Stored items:
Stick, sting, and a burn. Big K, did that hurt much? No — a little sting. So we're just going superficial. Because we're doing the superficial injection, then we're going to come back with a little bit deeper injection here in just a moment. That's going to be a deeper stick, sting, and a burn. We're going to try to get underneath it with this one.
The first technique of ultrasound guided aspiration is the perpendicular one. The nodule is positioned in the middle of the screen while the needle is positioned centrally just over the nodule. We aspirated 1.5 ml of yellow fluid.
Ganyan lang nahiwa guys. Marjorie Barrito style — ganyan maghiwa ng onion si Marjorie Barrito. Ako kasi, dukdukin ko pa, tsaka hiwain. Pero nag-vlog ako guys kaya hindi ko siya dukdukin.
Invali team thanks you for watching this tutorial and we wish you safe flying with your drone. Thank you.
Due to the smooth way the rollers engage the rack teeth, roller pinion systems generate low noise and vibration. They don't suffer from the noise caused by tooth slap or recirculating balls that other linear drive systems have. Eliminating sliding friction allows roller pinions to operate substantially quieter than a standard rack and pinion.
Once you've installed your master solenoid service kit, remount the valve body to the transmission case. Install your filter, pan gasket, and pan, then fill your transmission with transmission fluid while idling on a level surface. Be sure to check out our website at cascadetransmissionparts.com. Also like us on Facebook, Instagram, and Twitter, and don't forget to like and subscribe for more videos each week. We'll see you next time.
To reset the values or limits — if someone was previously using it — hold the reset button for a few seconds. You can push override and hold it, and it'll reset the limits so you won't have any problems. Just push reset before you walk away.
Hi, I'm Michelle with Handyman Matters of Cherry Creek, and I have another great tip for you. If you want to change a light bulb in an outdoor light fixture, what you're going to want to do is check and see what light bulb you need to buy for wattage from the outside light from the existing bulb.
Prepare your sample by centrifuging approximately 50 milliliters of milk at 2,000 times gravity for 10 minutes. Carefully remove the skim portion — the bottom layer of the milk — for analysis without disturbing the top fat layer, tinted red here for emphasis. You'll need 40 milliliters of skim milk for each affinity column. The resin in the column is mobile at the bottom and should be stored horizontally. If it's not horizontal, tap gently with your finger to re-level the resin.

◆ Exercise directions ◆
Every record must be transcribed exactly, with no line skipped.

◆ Finished exercise ◆
Stick, sting, and a burn. Big K, did that hurt much? No — a little sting. So we're just going superficial. Because we're doing the superficial injection, then we're going to come back with a little bit deeper injection here in just a moment. That's going to be a deeper stick, sting, and a burn. We're going to try to get underneath it with this one.
The first technique of ultrasound guided aspiration is the perpendicular one. The nodule is positioned in the middle of the screen while the needle is positioned centrally just over the nodule. We aspirated 1.5 ml of yellow fluid.
Ganyan lang nahiwa guys. Marjorie Barrito style — ganyan maghiwa ng onion si Marjorie Barrito. Ako kasi, dukdukin ko pa, tsaka hiwain. Pero nag-vlog ako guys kaya hindi ko siya dukdukin.
Invali team thanks you for watching this tutorial and we wish you safe flying with your drone. Thank you.
Due to the smooth way the rollers engage the rack teeth, roller pinion systems generate low noise and vibration. They don't suffer from the noise caused by tooth slap or recirculating balls that other linear drive systems have. Eliminating sliding friction allows roller pinions to operate substantially quieter than a standard rack and pinion.
Once you've installed your master solenoid service kit, remount the valve body to the transmission case. Install your filter, pan gasket, and pan, then fill your transmission with transmission fluid while idling on a level surface. Be sure to check out our website at cascadetransmissionparts.com. Also like us on Facebook, Instagram, and Twitter, and don't forget to like and subscribe for more videos each week. We'll see you next time.
To reset the values or limits — if someone was previously using it — hold the reset button for a few seconds. You can push override and hold it, and it'll reset the limits so you won't have any problems. Just push reset before you walk away.
Hi, I'm Michelle with Handyman Matters of Cherry Creek, and I have another great tip for you. If you want to change a light bulb in an outdoor light fixture, what you're going to want to do is check and see what light bulb you need to buy for wattage from the outside light from the existing bulb.
Prepare your sample by centrifuging approximately 50 milliliters of milk at 2,000 times gravity for 10 minutes. Carefully remove the skim portion — the bottom layer of the milk — for analysis without disturbing the top fat layer, tinted red here for emphasis. You'll need 40 milliliters of skim milk for each affinity column. The resin in the column is mobile at the bottom and should be stored horizontally. If it's not horizontal, tap gently with your finger to re-level the resin.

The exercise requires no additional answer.